Iraq - BBC Cheering for the Terrorists - Again

And once again it's the BBC's Paul Reynolds leading the cheering.

"A race is developing to determine whether Iraq can evolve into a stable country before US President George W Bush's term ends in January 2009.

If the president pulls it off, he can leave the legacy he has been seeking in the Middle East - Iraq as the democratic example which justified the war and the cost.

If he does not, his presidency will be in large part judged by a failure in Iraq."


True, Iraq was stable before the overthrow of Saddam. Saddam was able to murder hundreds of thousands, perhaps millions, of his own people, torture them and fund and sponsor terrorists with impunity. So, what was it evolving into under Saddam?

Judged by whom? Reynolds, the BBC or the Democrats? I mean aren't "we" forgetting about Afghanistan, Libya, Lebanon, al Qaeda, the US economy and major legislation Bush pushed through?

Reynolds goes on to note faltering support for the war in Iraq.

"The president has been making speeches to rally faltering support among the US public and to try to reassure people that not only is he is holding to the course, which few doubt, but that the course is a clear one."

Could that faltering support be due to the left wing media's, here and in the US, biased coverage of the war? There is almost no reporting of the good news in Iraq. That job has been left almost entirely up to bloggers, most notably Chrenkoff's Good News Iraq series.

Or could it be because the BBC lies in its Iraq reporting? Paul Adams, the BBC's defence correspondent said:

"I was gobsmacked to hear, in a set of headlines today, that the coalition was suffering 'significant casualties'. This is simply not true," Adams said in the memo.

"Nor is it true to say - as the same intro stated - that coalition forces are fighting 'guerrillas'. It may be guerrilla warfare, but they are not guerrillas," he stormed.

"Who dreamed up the line that the coalition are achieving 'small victories at a very high price?' The truth is exactly the opposite. ...


The opposite of the truth is a lie.

The media did the same thing in Vietnam and turned certain victory into defeat.

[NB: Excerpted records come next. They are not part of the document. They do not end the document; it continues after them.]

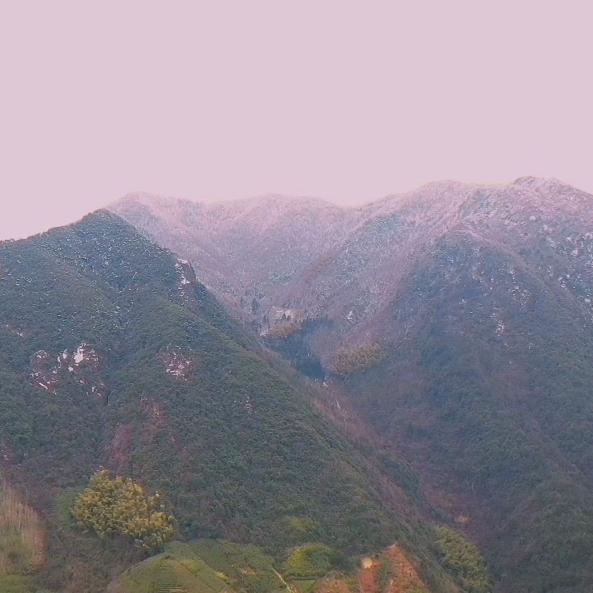 生态心原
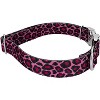 Country Brook Petz Premium Dog Collar - Animal Prints Collection - 3 of 4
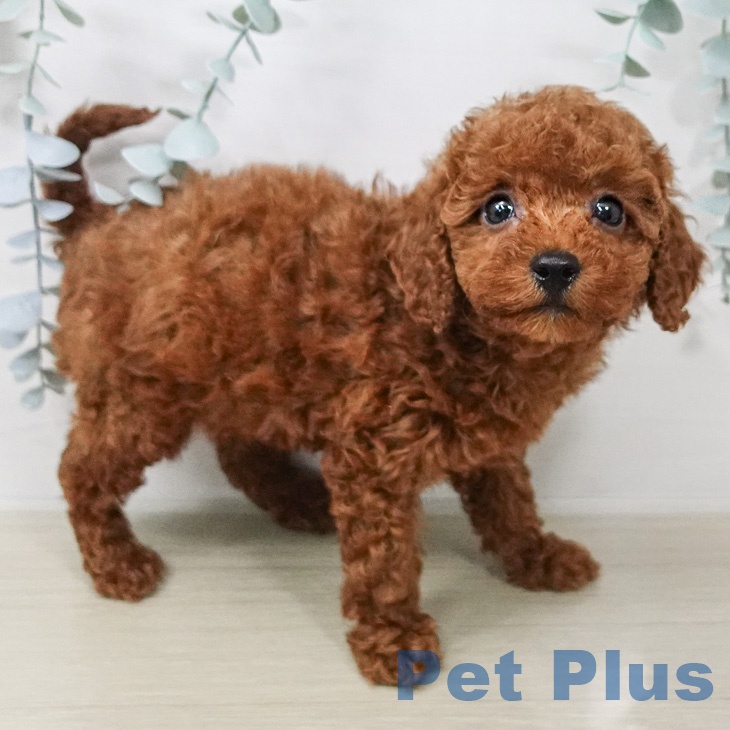 トイ・プードルの写真2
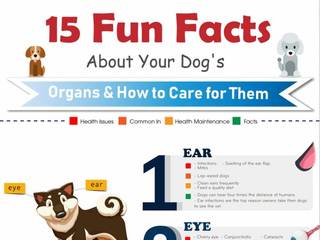How To Care For Your Dog’s Organs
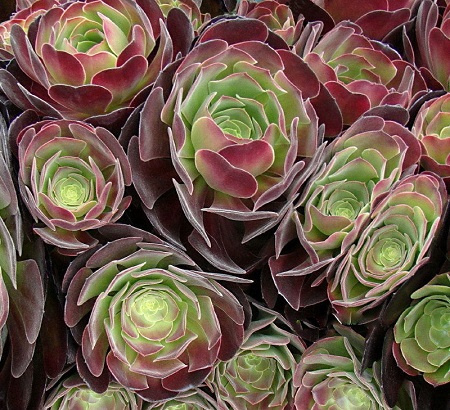 Aeonium VELOURS или Эониум Велюр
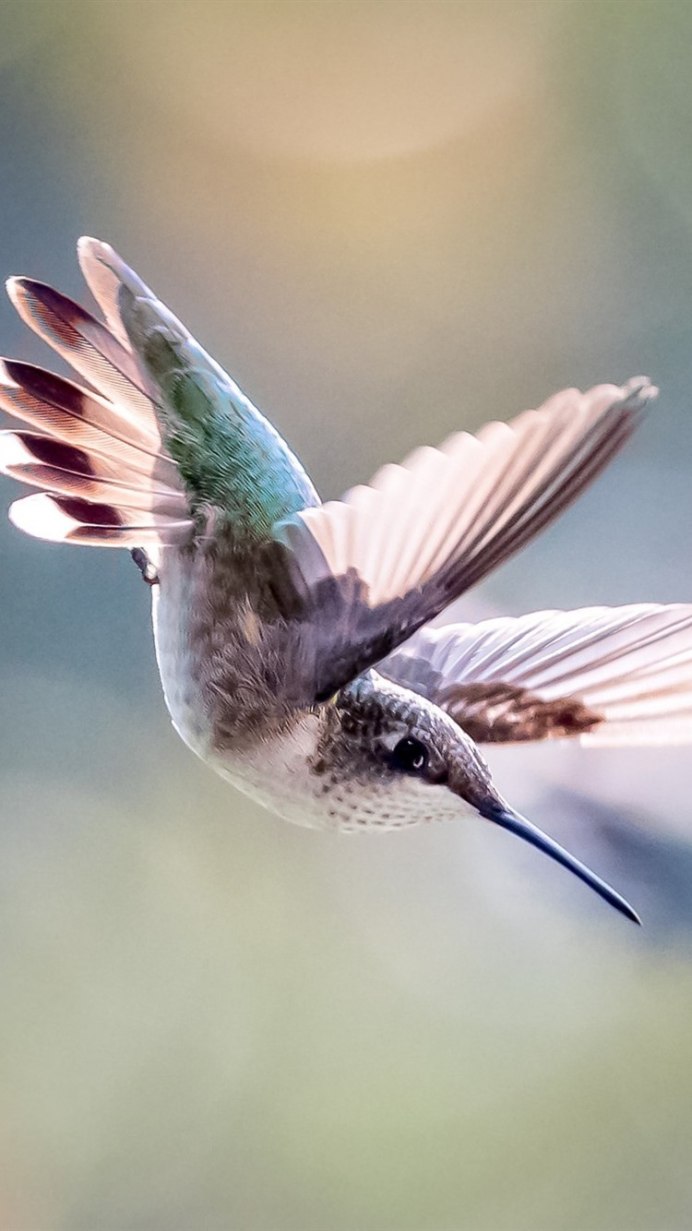 Колибри Доминикана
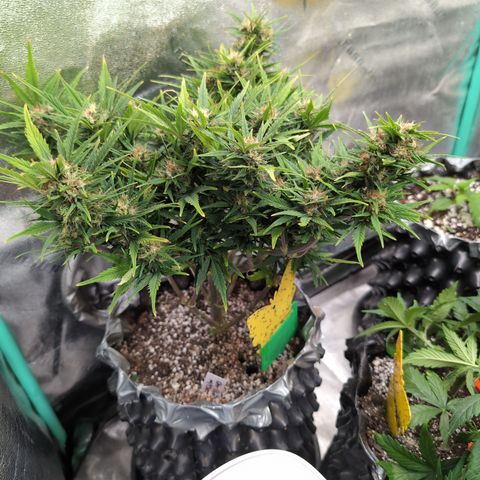 Quinn- Quarter Pounder w/Cheese (84d) 22-28%Sativa 163g wet/36g dry growlog timeline photo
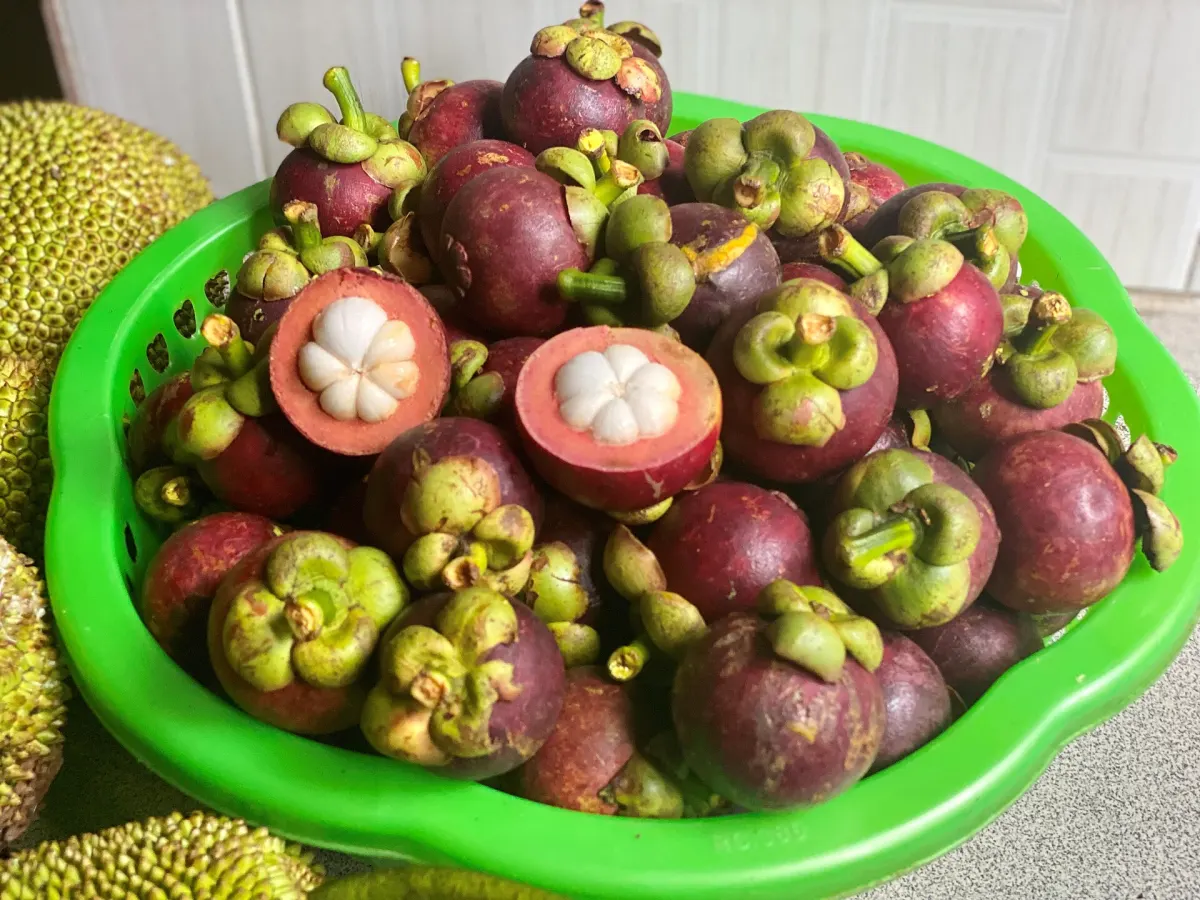 Mùa Trái Cây Đức Linh – Tánh Linh: Sầu Riêng Tà Pứa Và Măng Cụt Trồng Xen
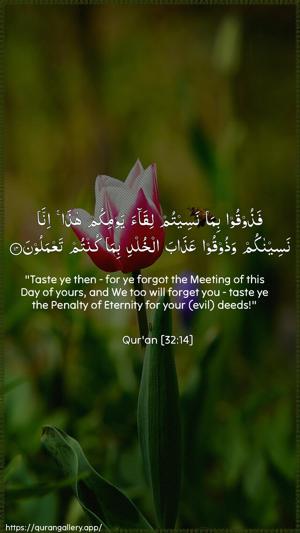As-Sajda Ayah 14 - Arabic + English wallpaper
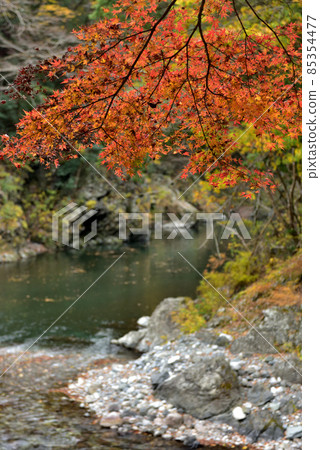 Autumn holidays in Okutama, the stunning autumn colors that can be seen in Tokyo Autumn holidays in Okutama, the stunning autumn colors that can be seen in Tokyo 85354477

Even Giap admitted in his memoirs that news media reporting of the war and the anti-war demonstrations that ensued in America surprised him. Instead of negotiating what he called a conditional surrender, Giap said they would now go the limit because America's resolve was weakening and the possibility of complete victory was within Hanoi's grasp.


And

Bui Tin, who served on the general staff of the North Vietnamese army, received South Vietnam's unconditional surrender on April 30, 1975. In an interview with the Wall Street Journal after his retirement, he made clear the anti-war movement in the United States, which led to the collapse of political will in Washington, was "essential to our strategy."

Visits to Hanoi by Jane Fonda and former Attorney General Ramsey Clark and various church ministers "gave us confidence that we should hold on in the face of battlefield reverses."

America lost the war, concluded Bui Tin, "because of its democracy. Through dissent and protest, it lost the ability to mobilize a will to win."


The world's media, including the BBC and reporters like Reynolds, are once again aiding and abetting our enemies in a time of war. Some call that treason. How many more died needlessly in Vietnam because of the media? How many more may die needlessly in Iraq because of the media?

Reynolds concludes:

Those the British have joined together have often split asunder or warred among themselves - India/Pakistan, Nigeria and Cyprus to mention but three.

So far at least Iraq has not joined that list.


No thanks to the BBC and Paul Reynolds.